If there is still a gap between young people's qualities and skills in basic reading, writing or more adventurous thinking and employers' recruitment needs, that gap must be dealt with. One of the great benefits of the past few years has been the ending of the idea that schools are ivory towers and isolated islands in their communities. They are now seen as part of the fabric of their communities, although, as has already been said, schools are considered a safe place for many children who live in tough home and community environments. The more links that business and the community have with education the better. The more each can respond to the needs of the other, the better for all concerned, especially for our children.

Regardless of whether I am at home with my own children or visiting schools, I never cease to be amazed at what children are capable of, given encouragement and responsibility. Like so many things in this country, however, we take education for granted. Until the Labour party modernised itself, we have taken it as read that education is a battleground. That is no longer so.
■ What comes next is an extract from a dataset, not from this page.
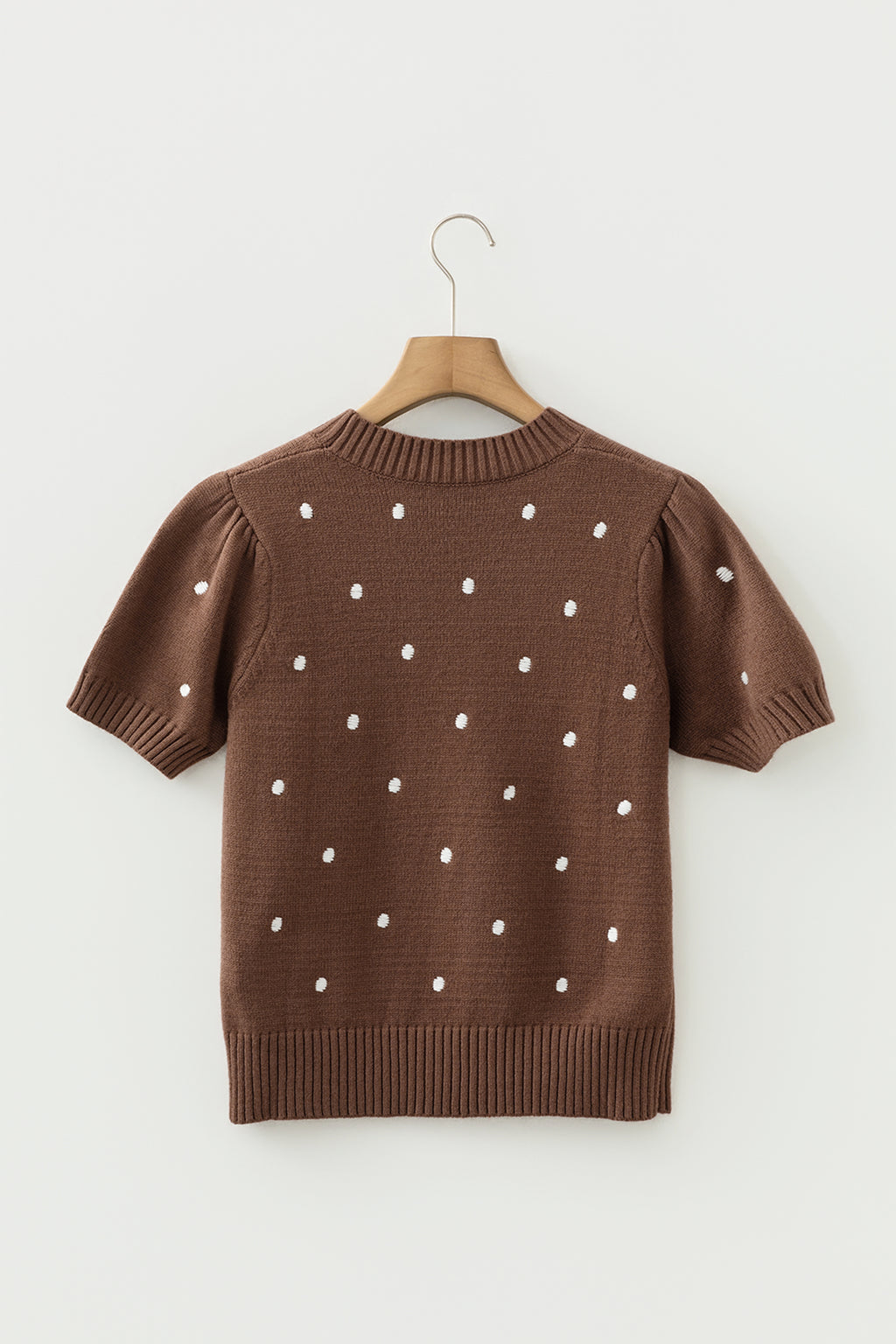 Women's Yellow Cream Elegant Polka Dot Bubble Short Sleeve Sweater at LivelyLooks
One of the keys to raising standards has been demonstrated by a pilot project in my constituency of Waveney. It is called "Caring for Education", and it is now just over a year old. It is about not taking things for granted. It is a partnership of all the schools in Lowestoft, the county council, the district council, police, retailers, the chamber of commerce and parents and seeks to tell the community that we all--children, parents, teachers, taxpayers and everyone else--value education and value the added value provided to children through their learning.

The project has been described, on one level, as a truancy watch, with the added bonus of reducing the dangers of drugs and crime. But it goes beyond that; it is an attitude. It is, for example, persuading doctors and dentists that routine appointments for children can be made outside school hours. If everyone thinks that school comes first and that what children are doing in school matters, is valued and cannot easily be replaced if missed out of the national curriculum--quite small changes in attitude--a real sense of valuing and owning our children's future can be engendered, with some very encouraging results.

At the other end of the scale, the project has resulted in that partnership developing ideas with other parts of the Waveney community and the creation of Futura--a centre for technological excellence that will wipe out the geographical isolation caused by poor roads into Waveney, harness the skill resources of our area, help train, retrain and continue retraining the work force of the future and provide us locally with an edge of advantage.

The project is all about wanting the best and thinking positively about the area, the people in it and the adults of tomorrow. That is what we need. We require from the Department for Education and Employment and those outside it a drive to build on the structures that the Government have put in place, and to keep raising standards and expectations and delivering them.